Objective. To determine the probabilities of predicting possible complications after surgery in patients with the diagnosis of prostate cancer using artificial intelligence methods.
Materials and methods. Case histories of 701 patients who underwent prostatectomy were analyzed in the study. The anamnesis, findings of clinical, laboratory and instrumental study, as well as objective data of clinical observations were evaluated. The average age was 64.72. On the basis of the set of examination results, patients were selected according to the following inclusion criteria: prostate cancer patients without confirmed metastases with disease stage from T1N0M0 to T3N0M0; absence of previous and concomitant special treatment (immunotherapy or targeted therapy); informed consent to the surgery. Logistic regression, a binary classifier using a sigmoidal activation function on linear combinations of features, was used as a machine learning model.
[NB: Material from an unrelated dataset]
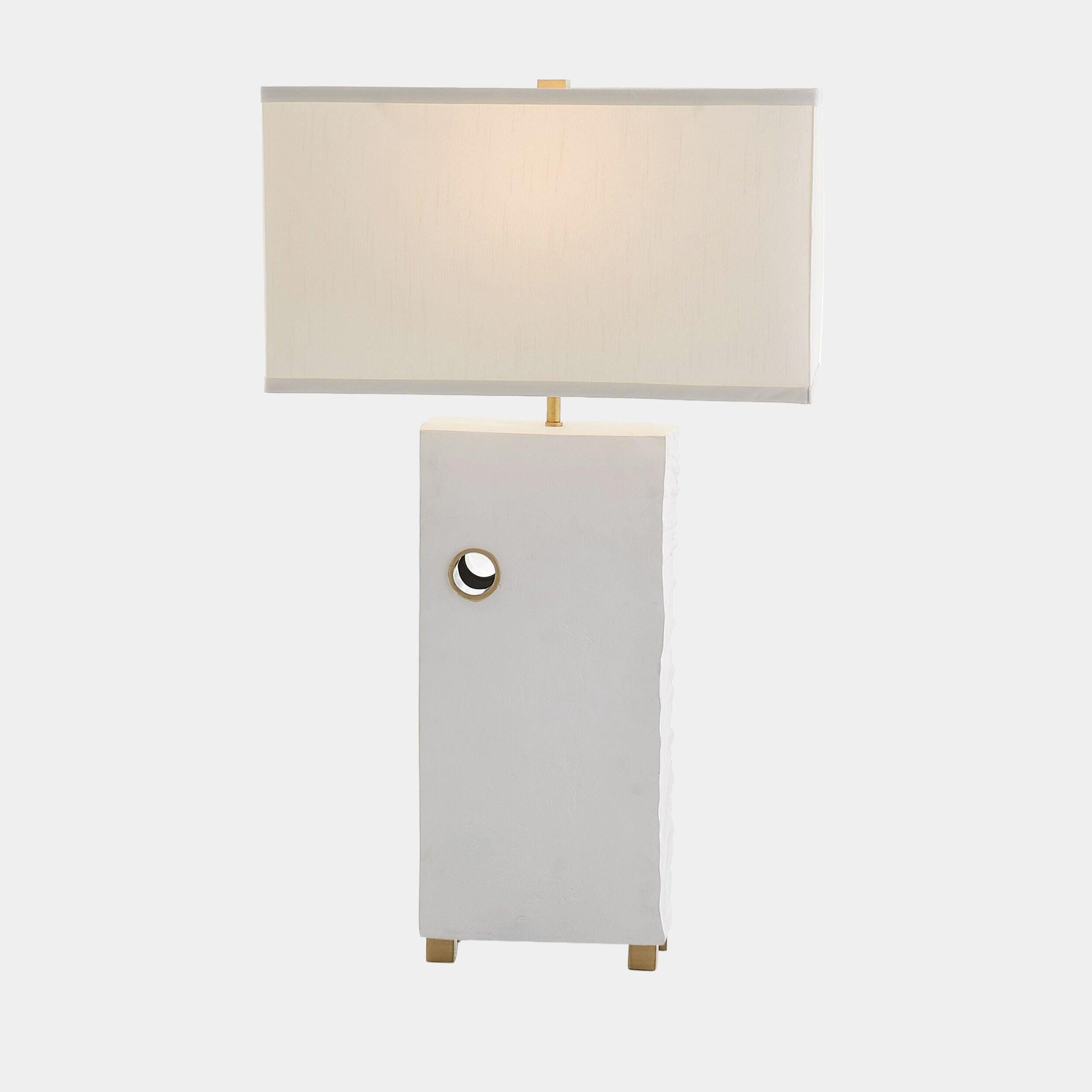 Global Views Palmiere Lamp Clearance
Results. It was determined that the logistic regression model based on selected parameters (prostate volume, pain syndrome, disease duration), predicts the probability of complications quite well (TPR=1). The overall accuracy of the model is: Accuracy=0.98. At the same time, it can be noticed from the agreement matrix that the trained model plays it safe and classifies some cases without complications incorrectly in 5.3% (FNR=0.053). However, the model never made an error and did not classify cases with a high risk of complications as those in which such a possibility was unlikely.
Conclusions. The results obtained show that on the basis of just three parameters (prostate volume, pain syndrome, duration of the disease), it is possible to build a fairly good predictive model of the probability of complications after prostatectomy based on such machine learning method as logistic regression.